Fortunatamente il ragazzo vestito da geisha era il penultimo al quale sarebbe dovuta presentarsi, e la ragazza notò con enorme sorpresa che almeno il suo ultimo incontro non sarebbe stato con un tizio alto quanto il soffitto.
Difatti si ritrovò davanti un giovane, sicuramente suo coetaneo, che la superava di appena una decina di centimetri, con uno smagliante sorriso a trentadue denti e dei capelli come l’inchiostro lunghi fino al collo. L’unico indumento che portava era un paio di pantaloncini a pinocchietto, neri e una cintura con sopra una “A” rossa. Al collo aveva una collana di pietre rosse e sul braccio un tatuaggio che Mare non riuscì ad identificare subito. Gli occhi vivaci la fecero sorridere internamente.
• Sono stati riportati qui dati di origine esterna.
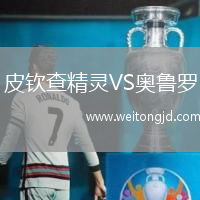 皮欽查精靈VS奧魯羅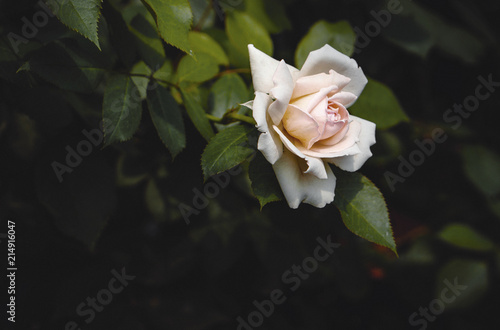 Natural white rose flower with dark background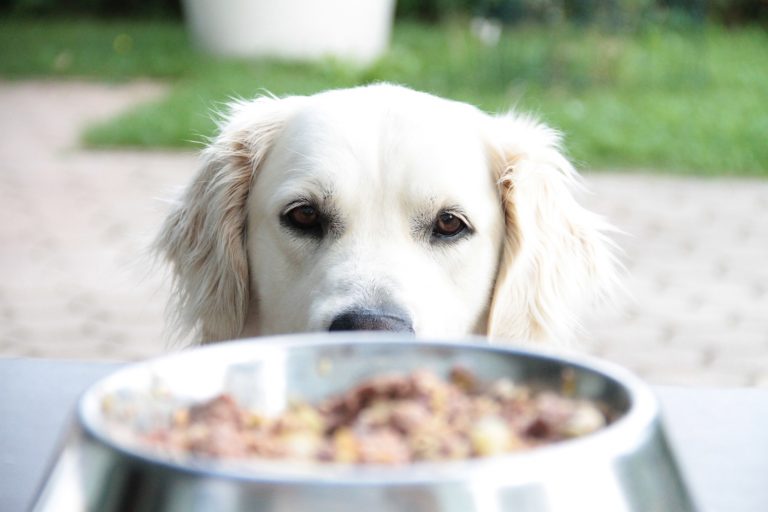 Τα μυστικά της σωστής διατροφής του σκύλου
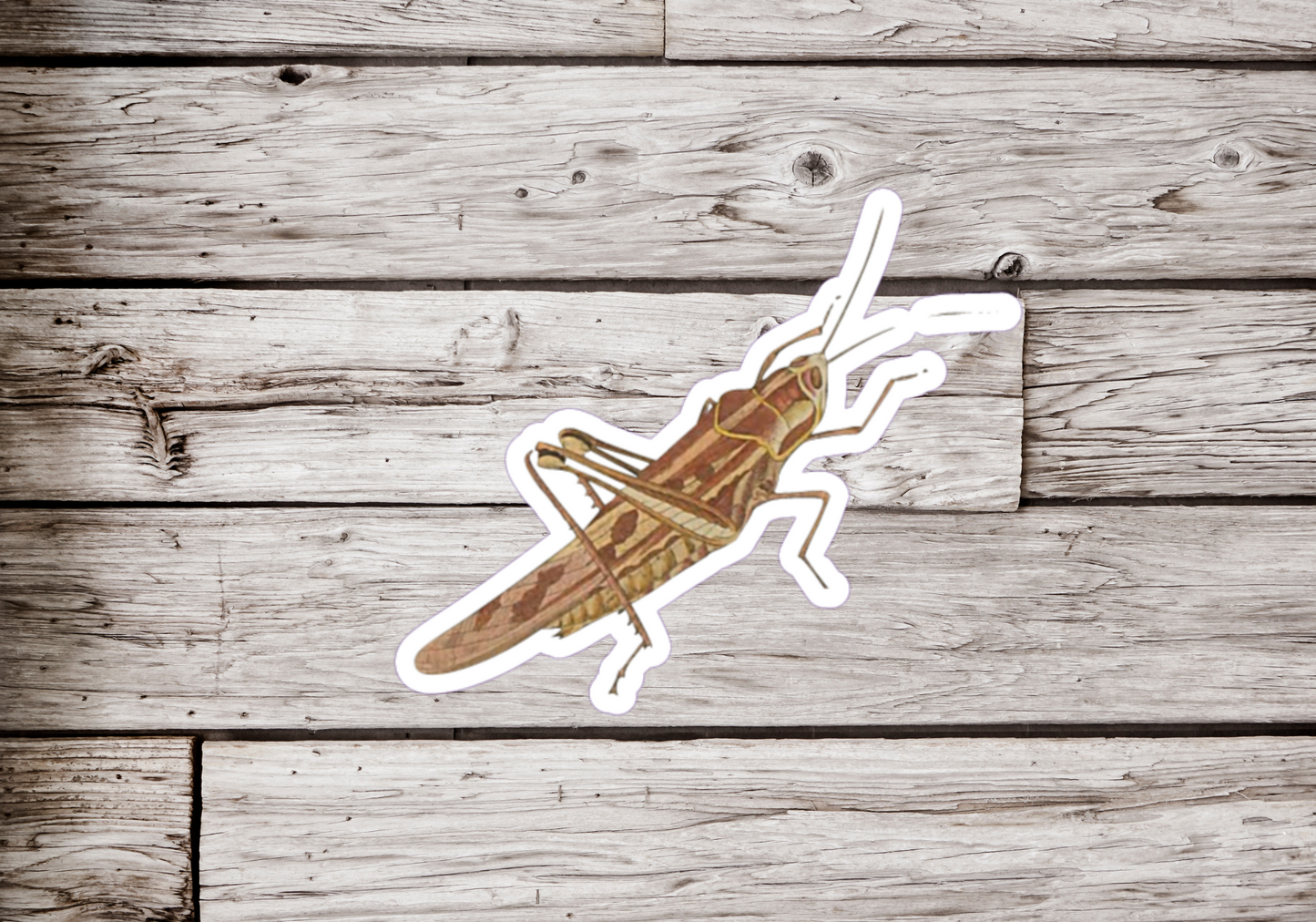 Grasshopper Sticker
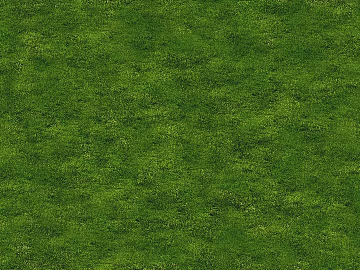 Turf 3d model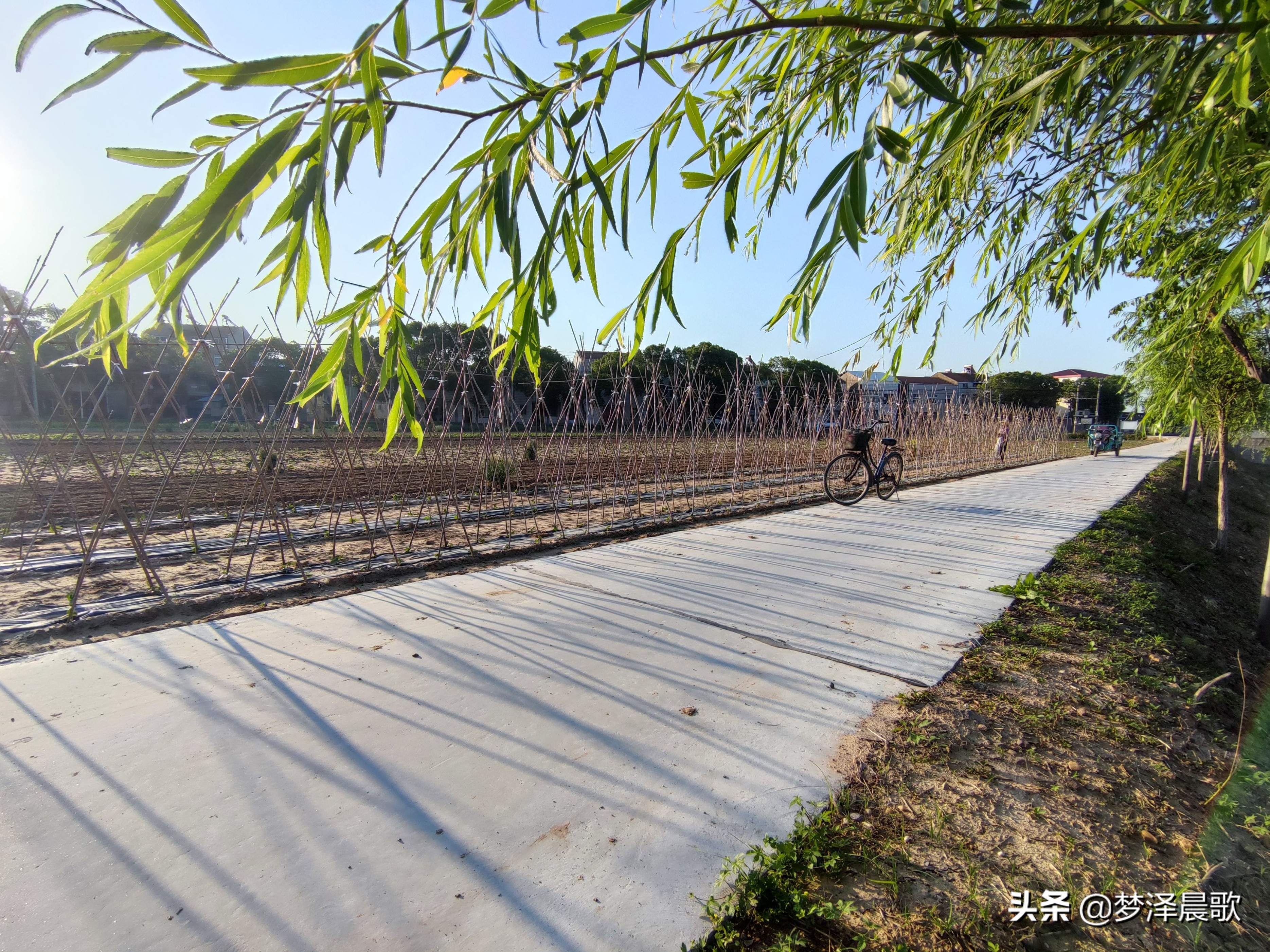 乡村道路颜值高通村道路建成景观道
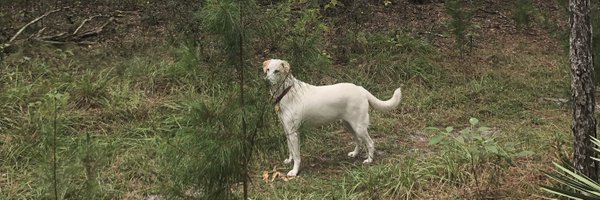 terryannthaxton Profile Banner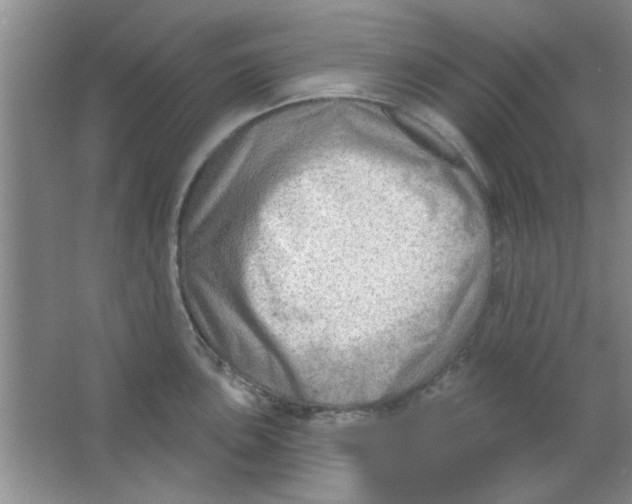 X0000063531051200602102012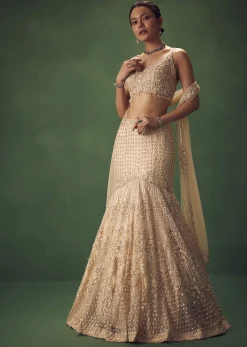 Blush Pink Fish Cut Sequin Lehenga Set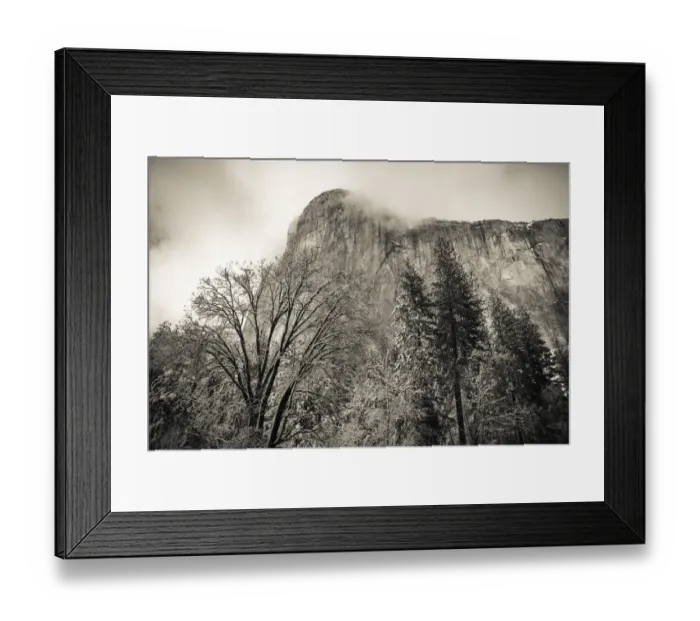 Framed Print : El Capitan and black oak in winter, Yosemite National Park, California USA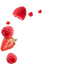 Splash Image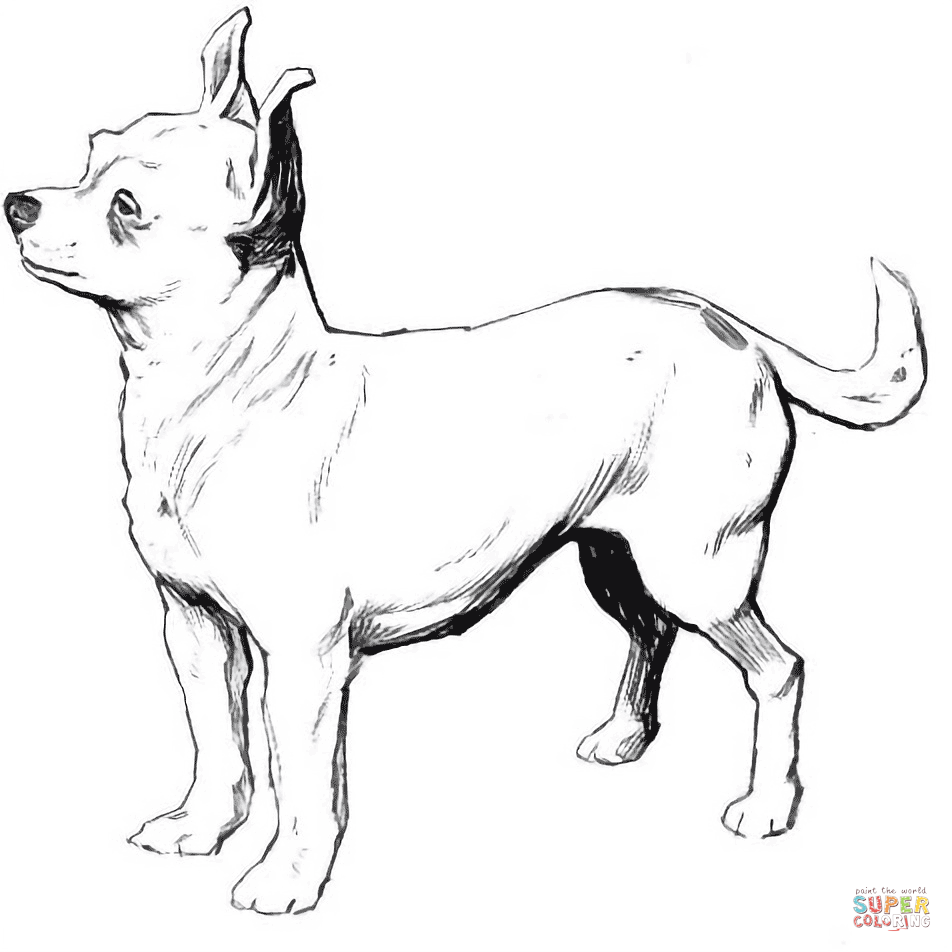 Chihuahua coloring page free printable coloring pages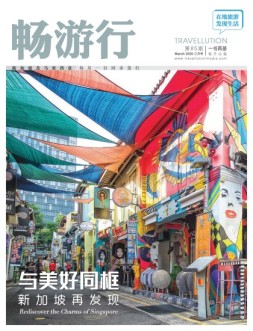 畅游行 20年85期B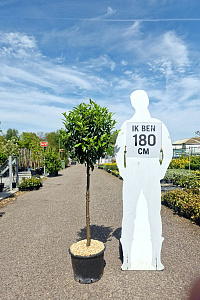 HALFST, C20, BOL 40-50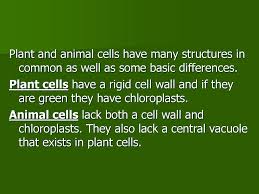 Among the advantages of plant cell technology are: Plant Vs Animal A Cellular Comparison Ppt Download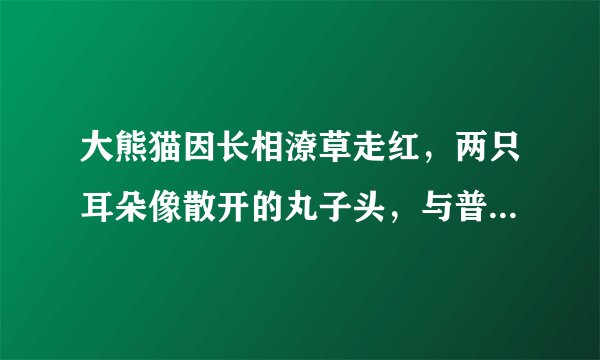 大熊猫因长相潦草走红,两只耳朵像散开的丸子头,与普通熊猫有何不同?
-Oi, vedo che ti sei svegliata! Mi chiamo Portuguese D. Ace, Comandante della Seconda Flotta, piacere di conoscerti-
-Onorata- e sorrise anche lei, stringendo la mano rosea che il ragazzo le porgeva.
È calda, commentò nella sua testa la ragazza, volgendo uno strano sguardo al moro.
È fredda, commentò a sua volta Ace, nella sua testa. Rendendosi conto che la ragazza aveva abbandonato il sorriso con cui li aveva accolti, si sentì in dovere di rimediare.
Lei si ritrovò spiazzata un attimo dal secondo sorriso che il ragazzo le rivolse, prima di lasciare la stretta e mettersi di fianco a Marco.
-Bene, Mare ti diamo ufficialmente il benvenuto…- iniziò Marco, mentre una strana eccitazione serpeggiò tra le file di pirati pronti a mangiare, che iniziarono ad agitarsi sulle sedie e a battere le mani a tempo.
Tutti quanti fissavano la ragazza, con dei sorrisi raggianti sul volto, mentre lei si sentì esposta ai loro occhi, quando i comandanti le si misero ai lati.
Barbabianca alzò il suo bicchiere e sorrise al suo indirizzo, molti lo imitarono e le infermiere fecero un occhiolino alla ragazza.
-…alla tavola dei…- continuò Satch, sul lato opposto a quello di Marco, aprendo teatralmente le braccia e ammiccando a Mare.
-PIRATI DI BARBABIANCA!- urlarono in coro, alzandosi dalle sedie e ridendo ad alta voce.
Non c’era un pirata che non ridesse o che non saltasse, chiamando la ragazza a gran voce per unirsi a lui e festeggiare.
Tutti sembravano entusiasti per una ragione nota solo a loro, come se il ritrovamento per caso di una ragazza sperduta tra i flutti fosse una delle cose più belle della vita.
Era tutto confuso, rumoroso e incivile.
Era una delle cose più belle che Mare avesse mai visto.